The Way I Am

Tuesday, March 4, 2008

Being Hectic..overcome it??

Being hectic?? Here i am in front of my lappy with a frowning stressful face. This semester seems so short and it keeps getting me on the go.. I cant help saying "I AM SO EXHAUSTED"..Imagine everyday catchin' up with the syllabus.. We've got 5 weeks before our final examinations and guess what??! We havent yet have our quiz(s), oral presentation(s), assgment(s) undone and not-fully given, a few lecturing skipped and had to be replace.. Not yet mentioning my proposals due tis' 20th march. And i've gotta sketch task just given today and due next wednesday which in that week i'm fully-packed with quiz(s) and test!! OmG!!!!!!

There's something between me and my boy and it makes me feel even MORE STRESS! Gosh!

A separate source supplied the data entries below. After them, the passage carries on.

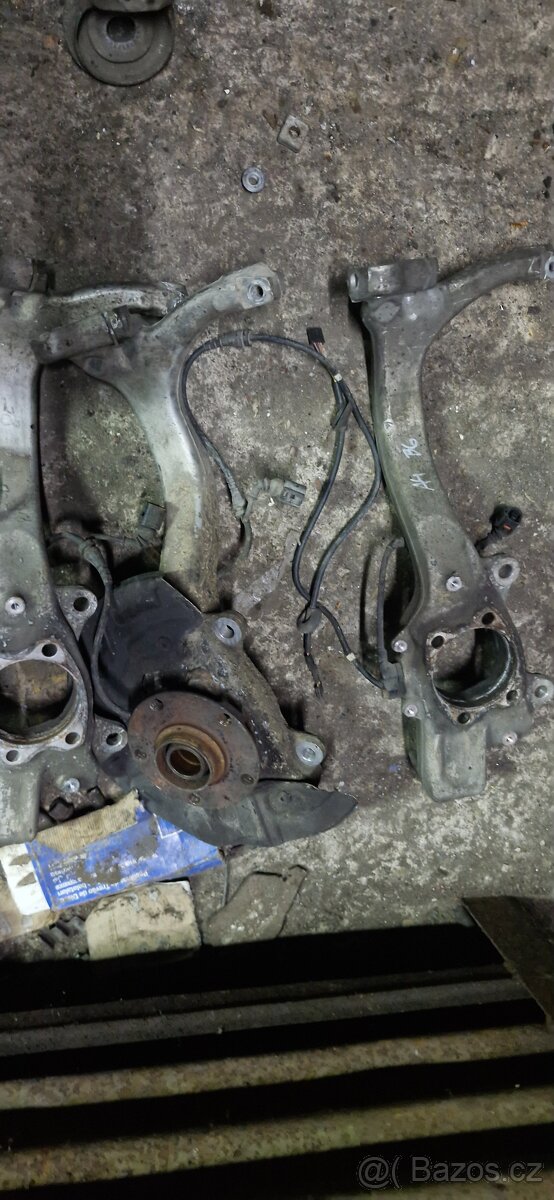 Leva predni tehlice audi A4 B6 B7 8E - 4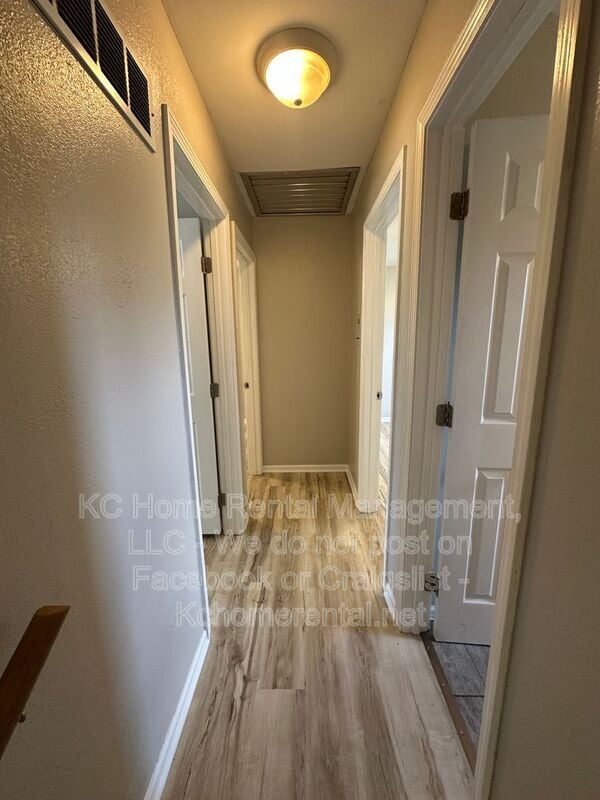 Building Photo - 5029 NE 56th Pl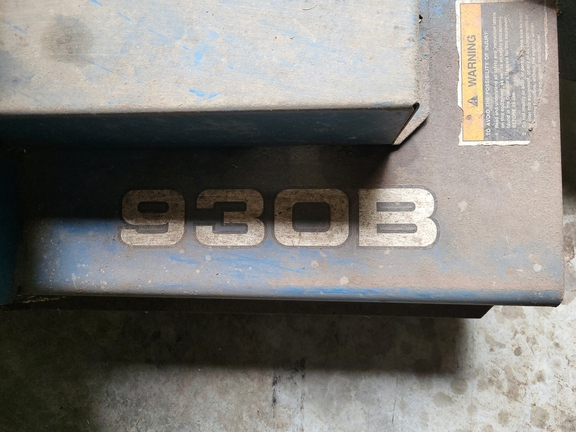 Photo of 1995 New Holland 930B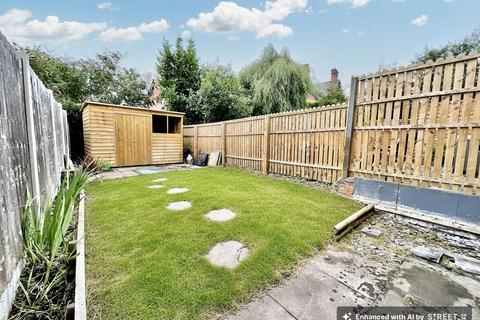 3 bedroom terraced house for sale, Perle Brook, Eccleshall, ST21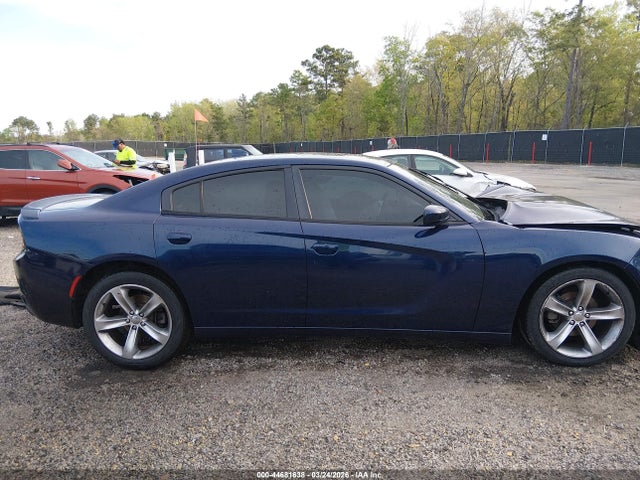 Продаж на аукціоні авто 2015 Dodge Charger Sxt, vin: 2C3CDXHG4FH800367, номер лоту: 44681638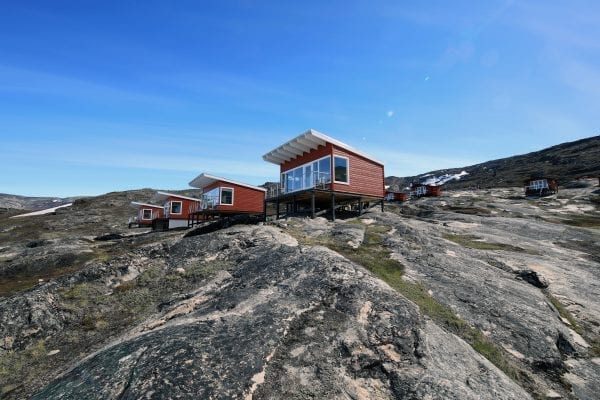 Hytterne ved Eqi på en solrig dag - Fotograf: Grønlands Rejsebureau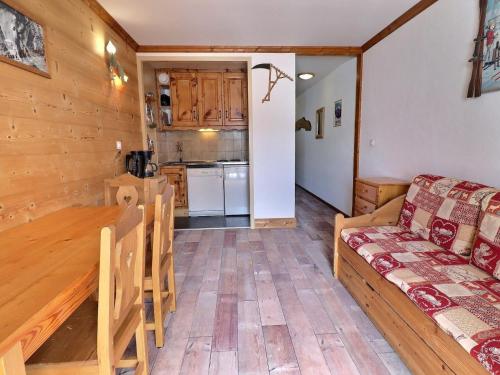 un salon avec un canapé et une table dans l'établissement Charmant 2 pièces skis aux pieds avec balcon, idéalement situé aux Allues - FR-1-182-48, à Méribel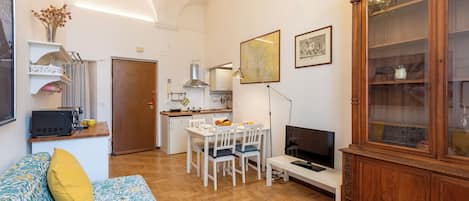 標準公寓, 多間臥室 (Central Apartment Porta Soprana) | 客廳 | 21 吋平面電視連有線電視頻道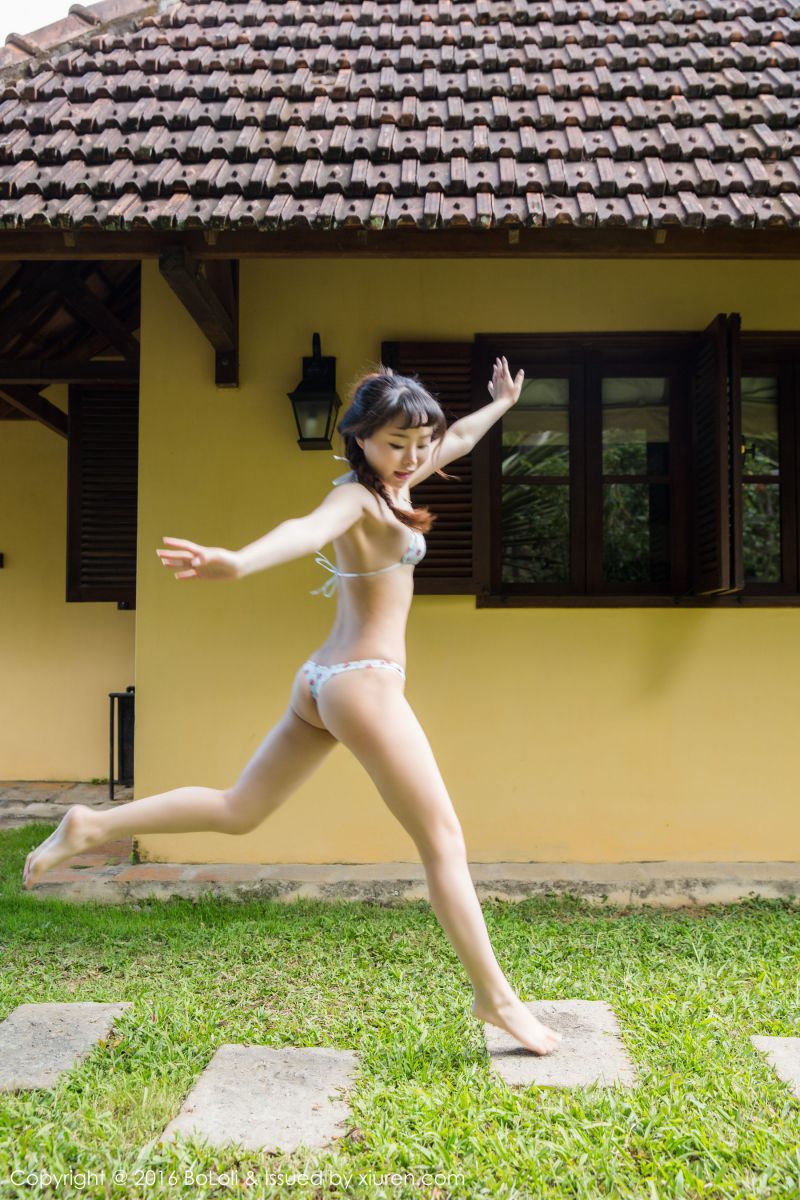 丰腴少女柳侑绮SevenBaby半圣光套图福利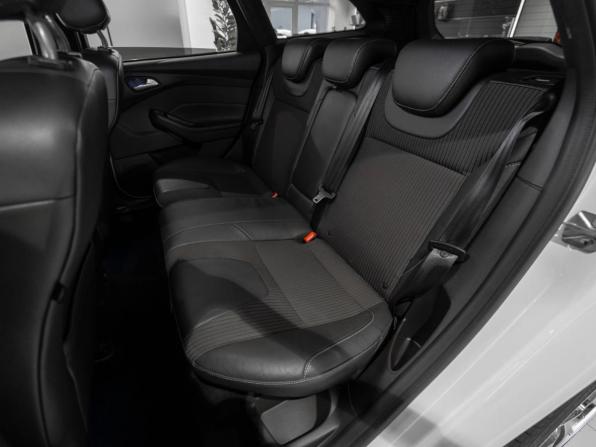 Ford Focus III с пробегом 2014 года, цена 1 145 000 рублей, 105504 км, универсал, Автокод Объявления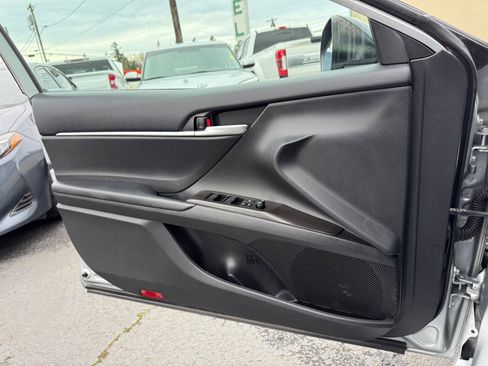 Used 2021 Toyota Camry SE image 20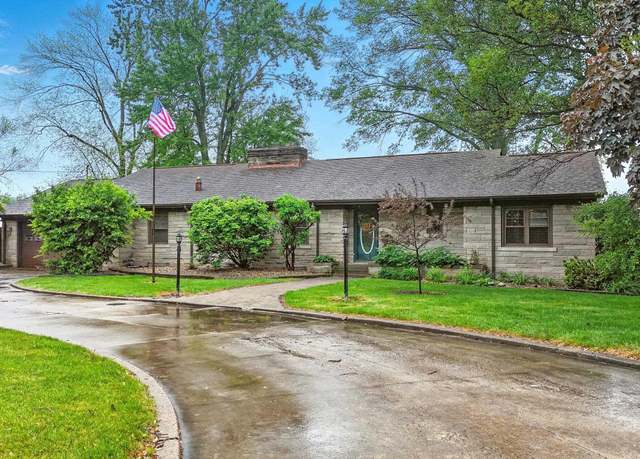 Property at 1810 N Bay Dr, Warsaw, IN 46580, 3 beds, 2 baths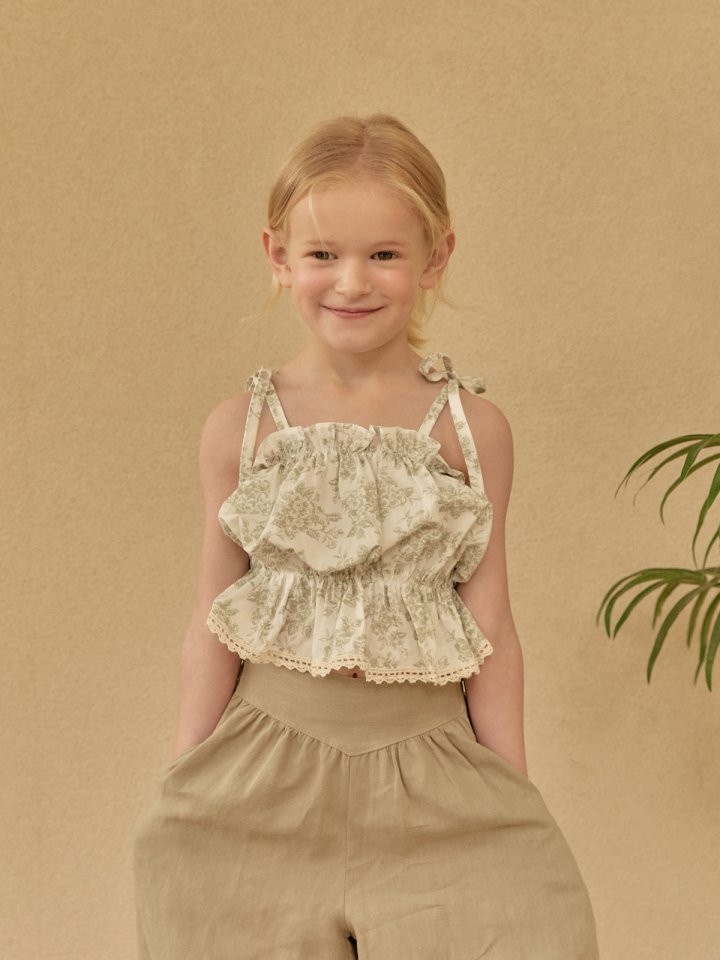 Daisy Sleeveless Blouse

Where is he when i need him the MOST! He's always not there!! I'm tired of crying..and i'm tired of feeling sick. I'm tired of everything. All i needed is a peaceful quite time alone.. i was hoping it would be with him.. duh..!! as if he cares about me.. :( all he knows was me up to date with his schedule..

I'm here faraway from my family..faraway from anything that would actually make me happy. I just wish i was back home, with my mum & dad. Wish i was home in my own room. Wish i was with someone who really love me and deserve me.

Even when i REALLY love that someone, would he actually feel the same? Would he treat me the way he wanna be treated? Would he be there for me, the way he wants me to be by his side when he needs me?

Or will he only turn his back and leave me crying alone, helplessly? Or just wait till i come searching for him? Or hurt me even more after hurting me by leaving me alone?

What is LOVE? Why does it hurts so much? Eversince a child, i was taught that love is a pure feeling, a special gift money cant buy, understands u, cheers u up when u're down, and it eternity.. But i cant see how true it is. I cant see it. Why? Where's that LOVE people adore so much?????????????